▽
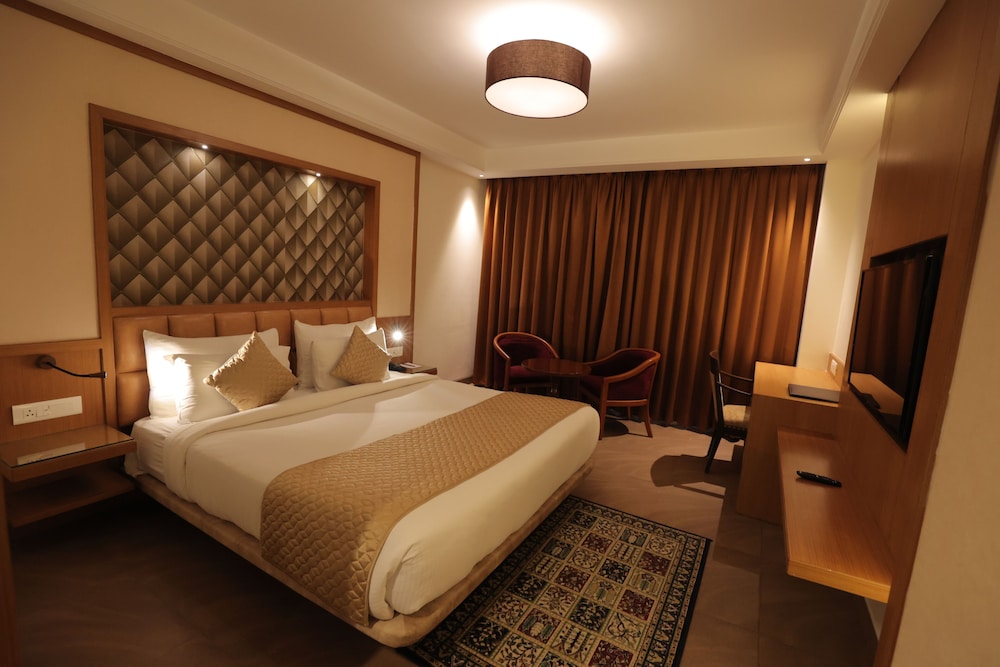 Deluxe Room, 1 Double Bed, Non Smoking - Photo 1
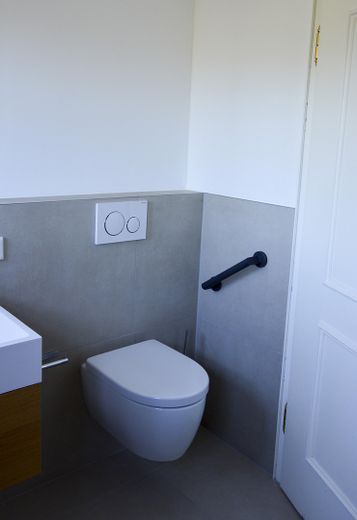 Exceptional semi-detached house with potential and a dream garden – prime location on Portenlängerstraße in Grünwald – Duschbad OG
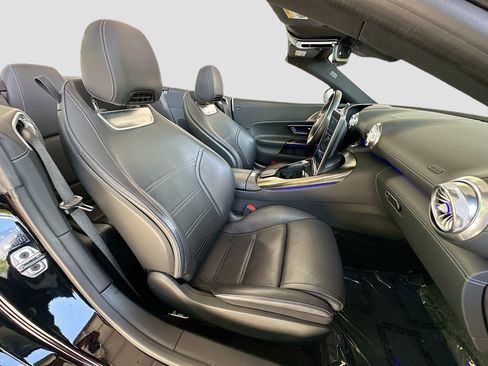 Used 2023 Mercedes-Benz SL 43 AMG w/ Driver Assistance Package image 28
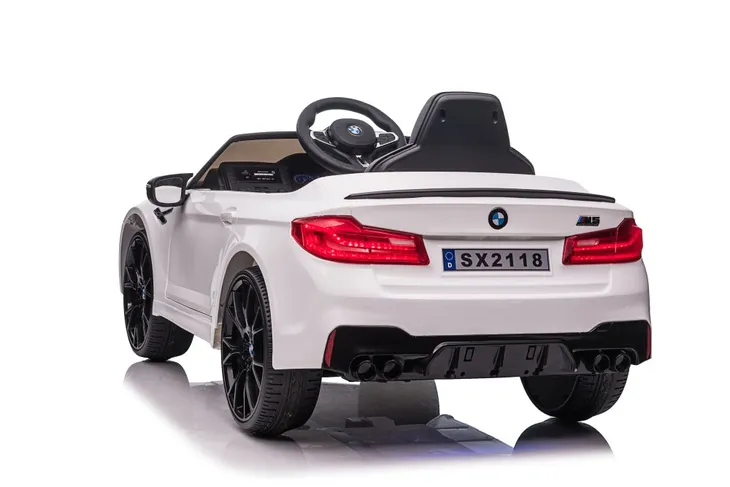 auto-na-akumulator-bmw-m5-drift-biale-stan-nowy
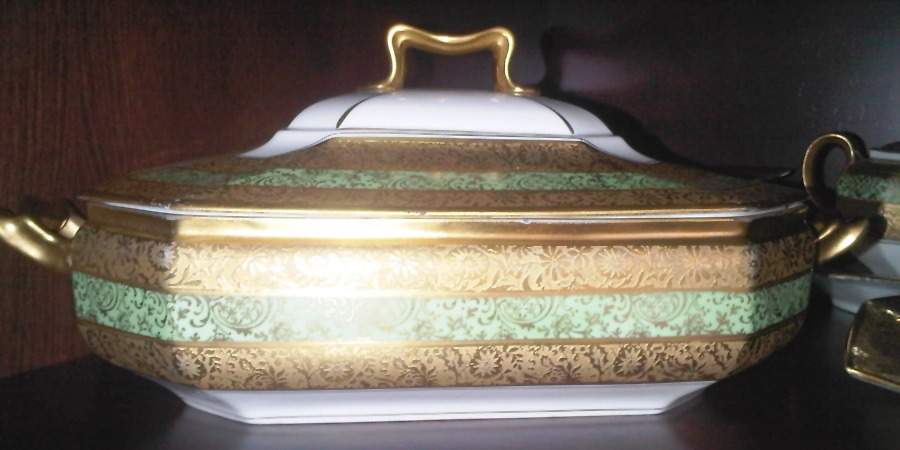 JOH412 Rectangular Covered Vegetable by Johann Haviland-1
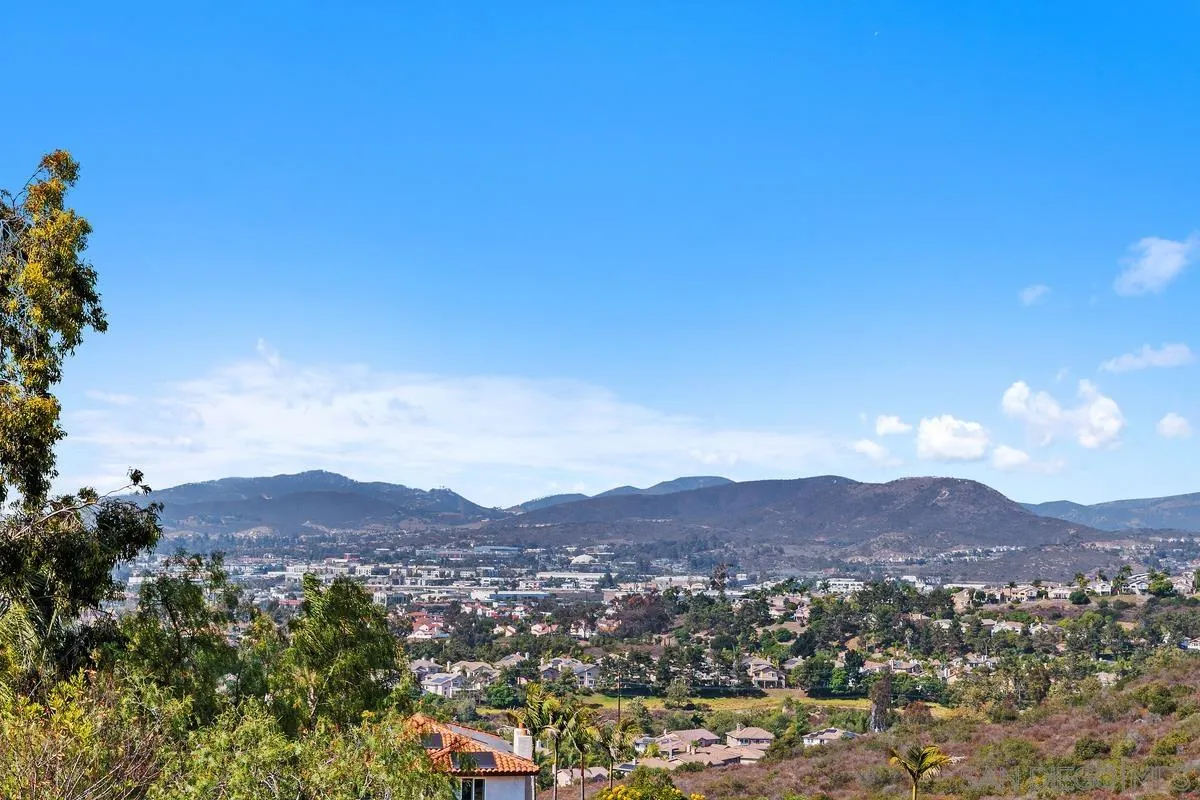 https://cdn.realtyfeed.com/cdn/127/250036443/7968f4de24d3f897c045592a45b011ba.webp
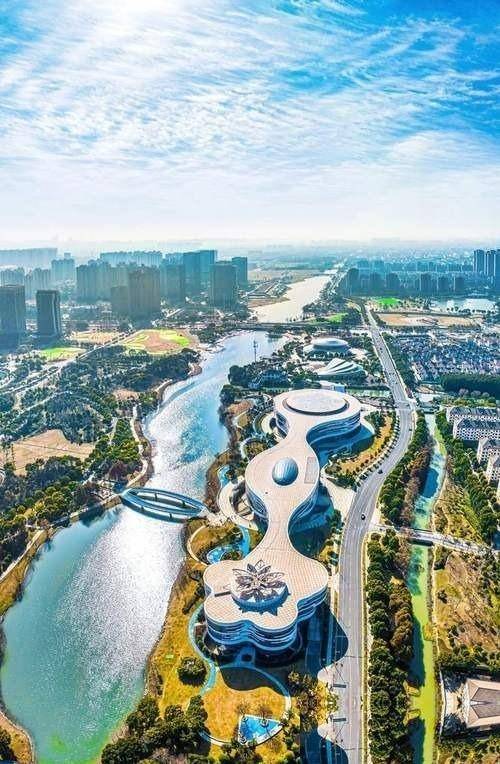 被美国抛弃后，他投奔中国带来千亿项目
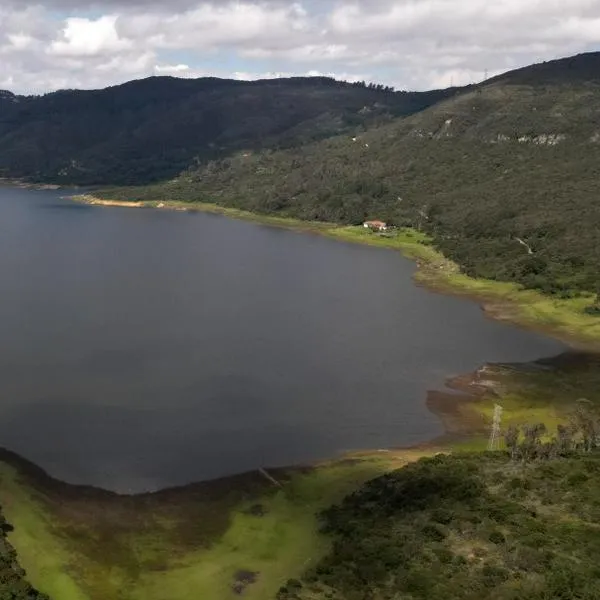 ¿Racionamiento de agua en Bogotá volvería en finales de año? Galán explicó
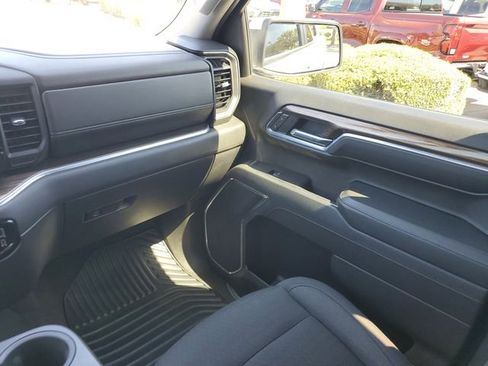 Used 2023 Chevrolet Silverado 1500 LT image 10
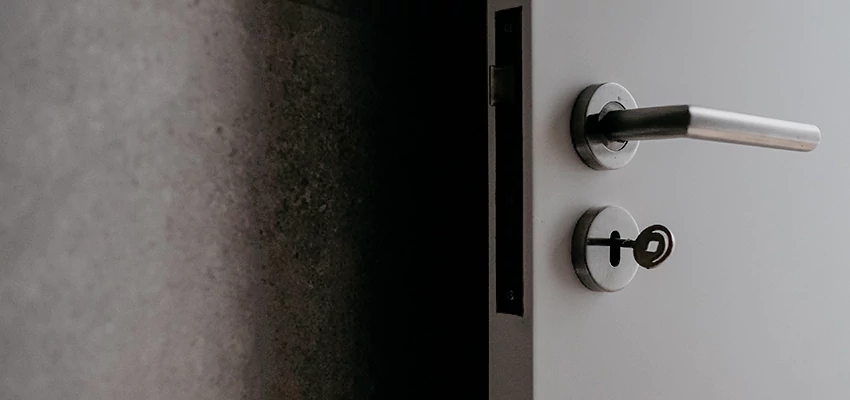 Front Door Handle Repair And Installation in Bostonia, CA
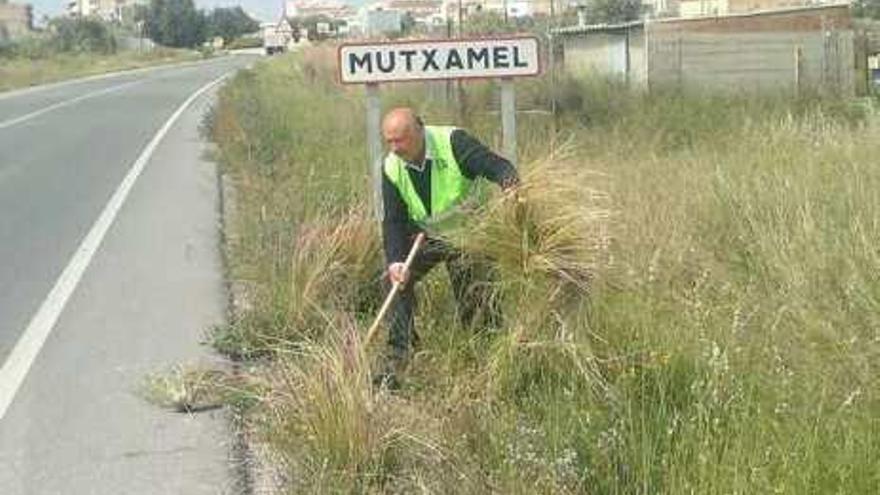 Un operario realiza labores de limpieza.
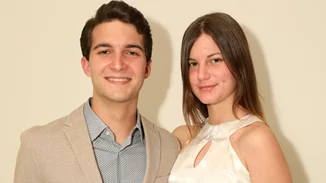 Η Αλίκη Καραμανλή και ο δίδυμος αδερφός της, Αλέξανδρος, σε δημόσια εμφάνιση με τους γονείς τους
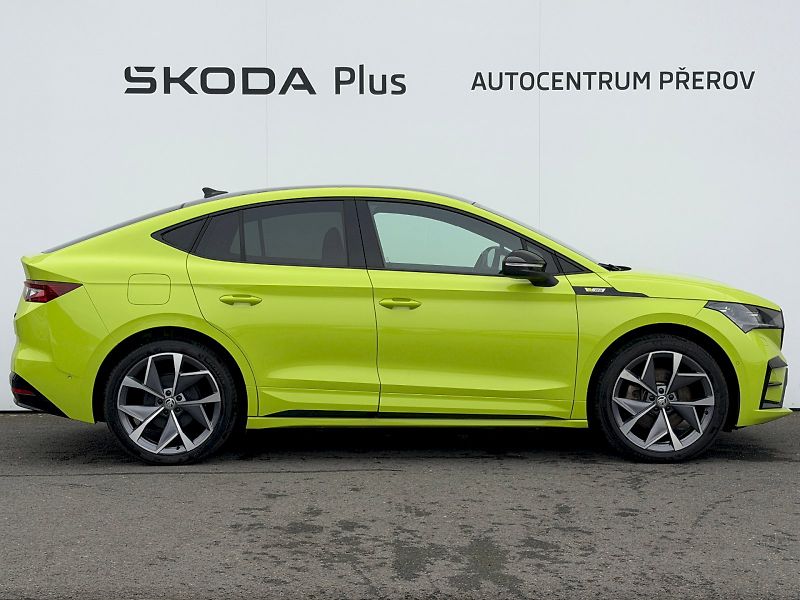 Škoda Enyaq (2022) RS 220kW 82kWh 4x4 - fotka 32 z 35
△
Your assignment: An exact repetition of all the records above is required, excluding the pictures.

Output for this exercise:
 Deluxe Room, 1 Double Bed, Non Smoking - Photo 1
 Exceptional semi-detached house with potential and a dream garden – prime location on Portenlängerstraße in Grünwald – Duschbad OG
 Used 2023 Mercedes-Benz SL 43 AMG w/ Driver Assistance Package image 28
 auto-na-akumulator-bmw-m5-drift-biale-stan-nowy
 JOH412 Rectangular Covered Vegetable by Johann Haviland-1
 https://cdn.realtyfeed.com/cdn/127/250036443/7968f4de24d3f897c045592a45b011ba.webp
 被美国抛弃后，他投奔中国带来千亿项目
 ¿Racionamiento de agua en Bogotá volvería en finales de año? Galán explicó
 Used 2023 Chevrolet Silverado 1500 LT image 10
 Front Door Handle Repair And Installation in Bostonia, CA
 Un operario realiza labores de limpieza.
 Η Αλίκη Καραμανλή και ο δίδυμος αδερφός της, Αλέξανδρος, σε δημόσια εμφάνιση με τους γονείς τους
 Škoda Enyaq (2022) RS 220kW 82kWh 4x4 - fotka 32 z 35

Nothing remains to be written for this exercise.